Sp: And it may be the same washing machine from the Ice Warriors.

R: Or down in the London Subways.

K: They do like their foamy effects. Remember, we also had the Cyberman die of foamy chest foam thing in Tomb of the Cybermen.

H: Okay, we’re going to move on.

SG: I did like Jamie at the beginning. They’re like “Where are we?” “Well, England of course.”

H: He said “Aye, the weather makes it obvious.”

SG: We’ve got this time machine, but we’re still in England all the time. We’ve got the time traveling down, but the space traveling not so much.

H: Moving on…

MS: Crazy! I finally said something other than just awesome.

H: Was it crazy in a good way or bad way.

MS: Both.

H: Fair enough.

P: Okay, so like the wife getting bitten by the seaweed, throws it out, it pulses, and then she drinks a lot of water. I think something’s about to go wrong.

H: Could be!

P: And I really liked the scene in the very beginning where they were actually being their playful selves.

<final pun restrained>

Cz: I have no opinion on this matter.

Sp: So let’s see. Predictions: wifey is going to turn into Sigmond the Seamonster…

R: Do they have the budget for Sigmond the Seamonster?
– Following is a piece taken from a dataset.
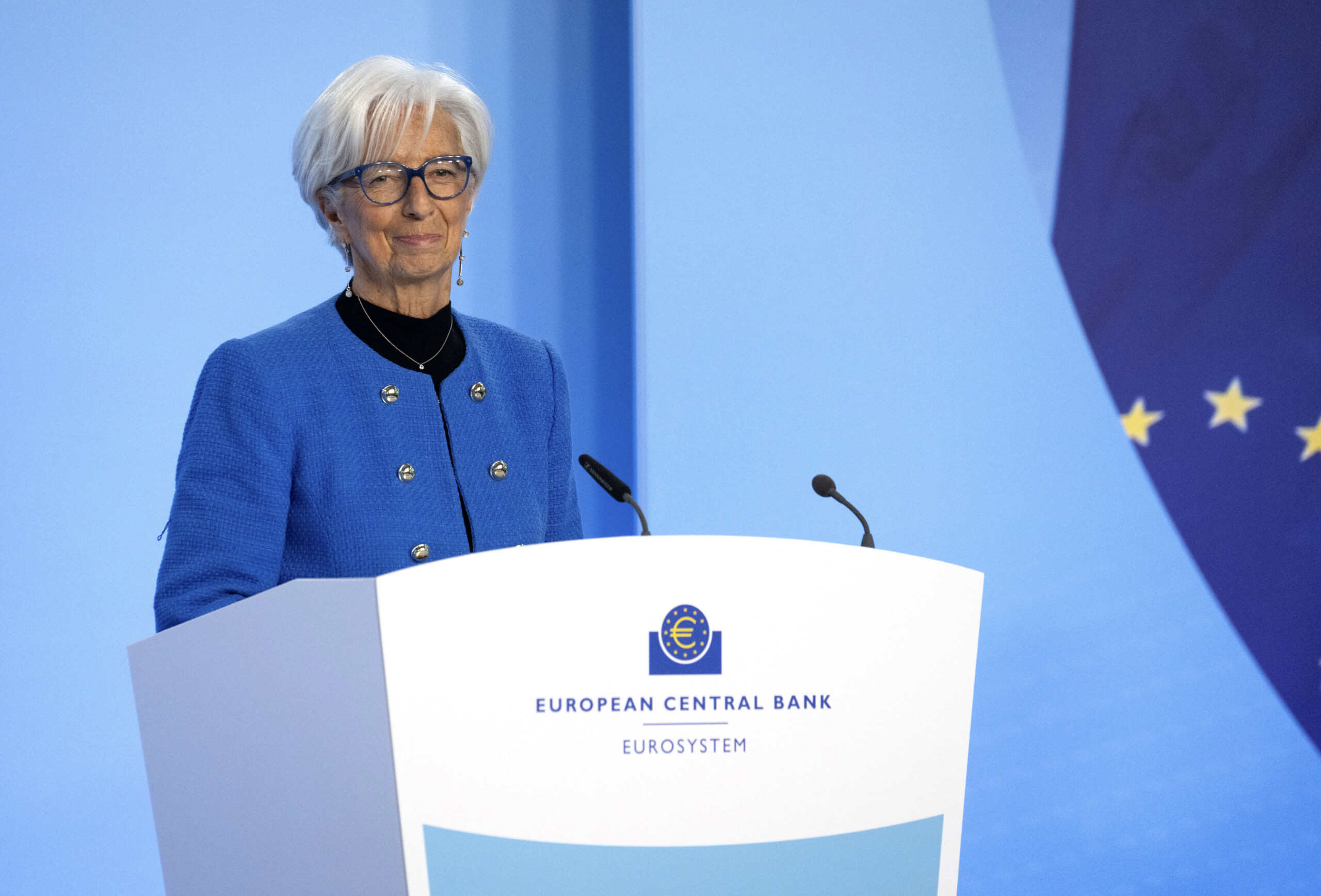 ecb governing council leaves interest rates unchanged scaled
Sp: Just put a week old salad in a quarry and call it good. Um.. the sea foam will turn out to be completely harmless.

K: Nope.

Sp: To our heros, because they’re are seasoned time travellers who have touched EVERYTHING. Their immune systems are insane by now.
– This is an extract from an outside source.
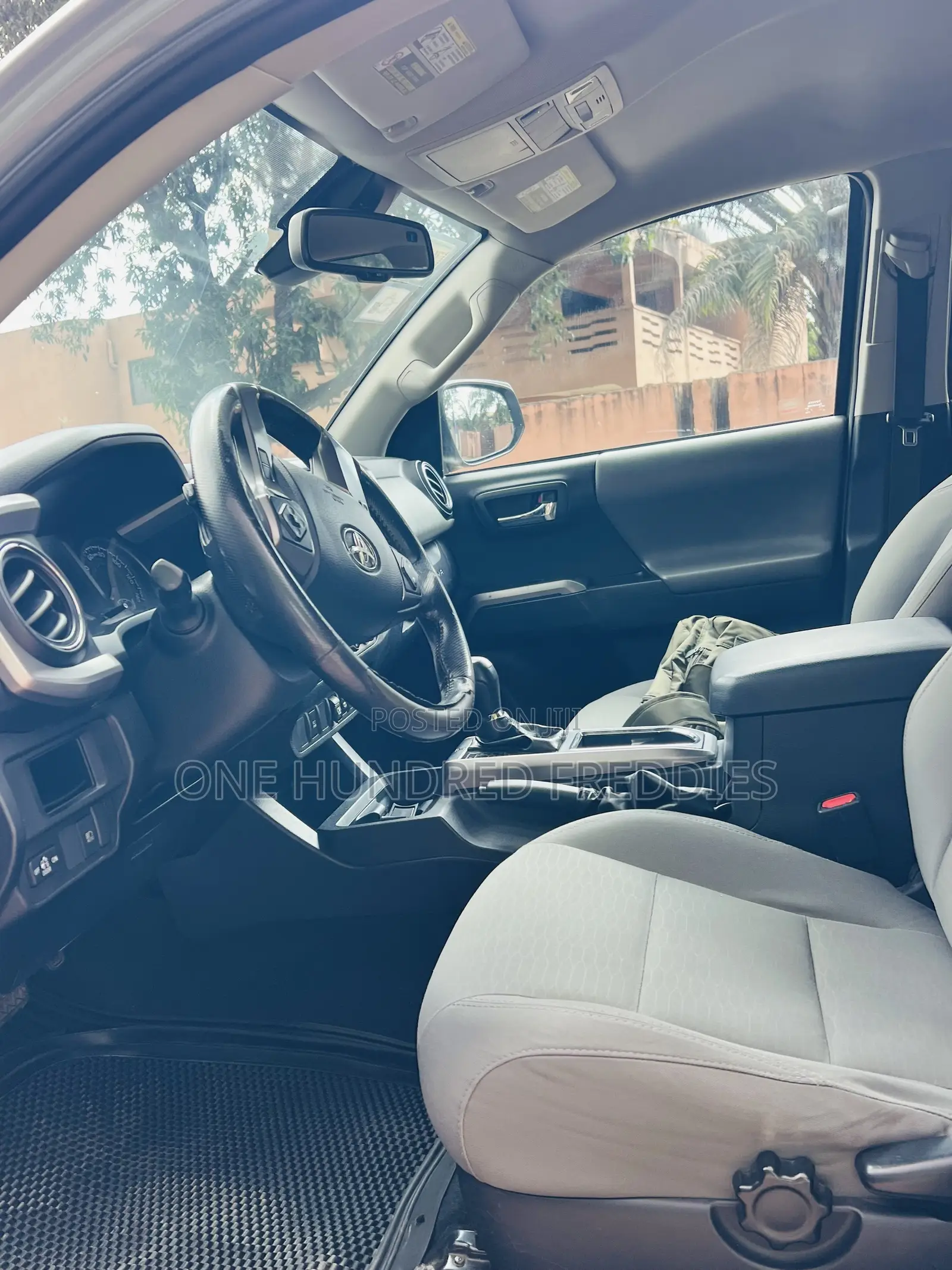 Toyota Tacoma SR5 2019 Gray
E: He has a pretty good point.

R: I think the seafoam is going to be a friendly alien who’s trying to protect them from the real threat, but not one believes it because “oh, I’m seafoam, so I’m stupid.”

K: That was Galaxy 4.

R: The makeup was better in the Galaxy 4. That seafoam was actually scary.

P: To stubborn stains, maybe.

Sp: “I tried to protect you from the Yeti, but would you listen?”
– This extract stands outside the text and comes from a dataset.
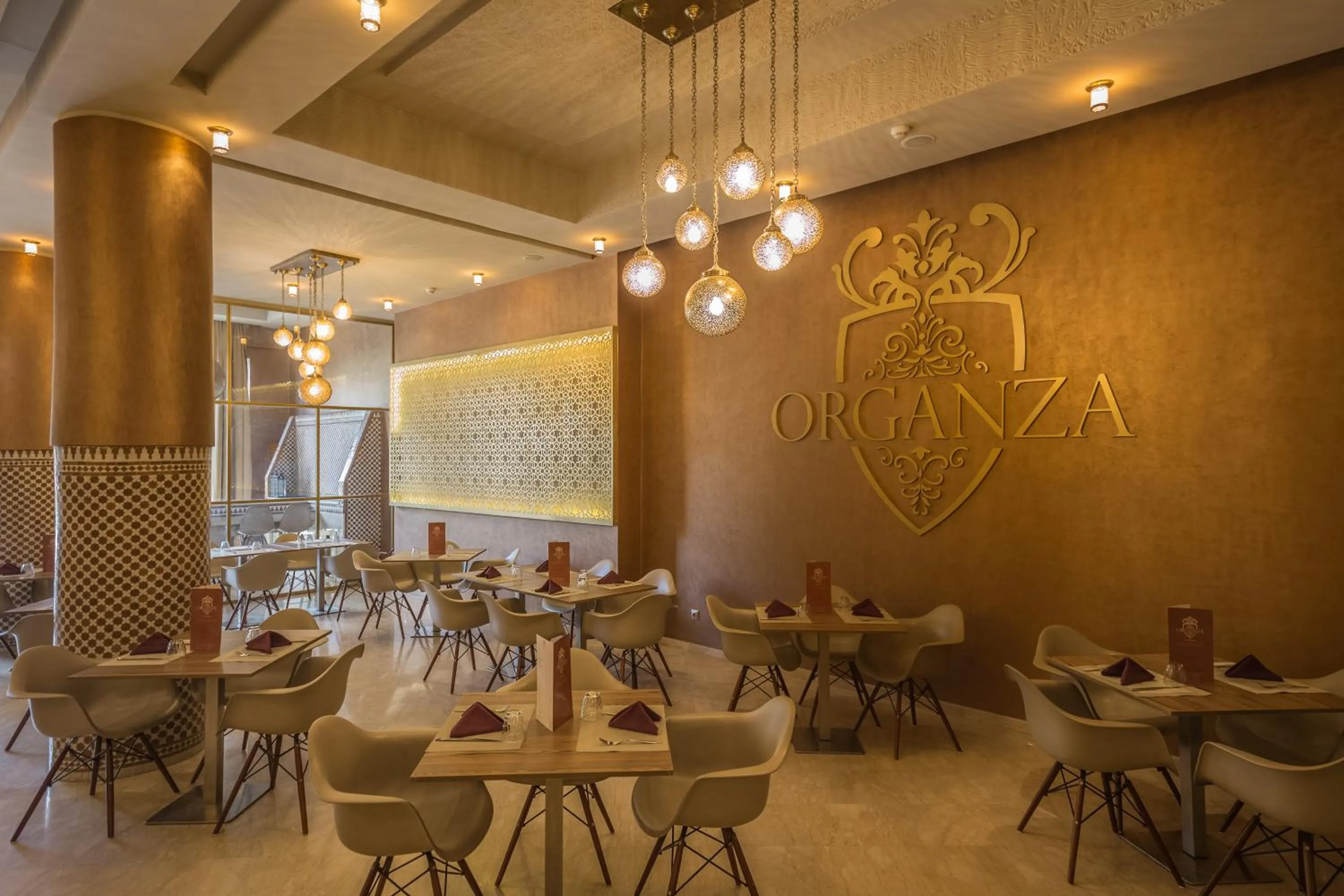 Restaurant/places to eat in Dellarosa Boutique Hotel and Spa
H: Did you have any more predictions, or anything else to say?

Sp: We will never see the stethoscope again.

K: Nope.

<discussion of items found in Doctor pockets, which among other things, always includes stethoscopes.>

Sp: And the gentle pipe technician will be the first to die.

K: Surprisingly, no one has died yet.

P: Am I alone is seeing the sea water flowing in to the oxygen room?

H: It was foam and a bit of seaweed.

P: Thanks.

Sp: This episode didn’t give me much to do with. One down, five to go. Move along.

H: Ronelyn?

R: “You shot us down like animals.” “No we didn’t. We shot you down like people.”

K: Okay. I know one impressive spoiler about this story. But it’s not really plot related, but I’m looking forward to it. But beyond that this is all new to me. But this story, and I can tell by our discussion so far, is very much a feel of a “Doctor Who story” to the point where it’s actually getting derivative of many previous Doctor Who stories we’ve already seen as part of the TARDIS project.

R: Yeah. If they escape out the back of a cave I’m calling it.

K: So, I feels predictable. I’m hoping that it’s not going to be as predictable as it feels so far.

Sp: So it’s a “pipe under siege” story?

H: I don’t believe it’s going to be as predictable as you fear, for everybody.

K: Good.

H: And I think that’s all I’m going to say.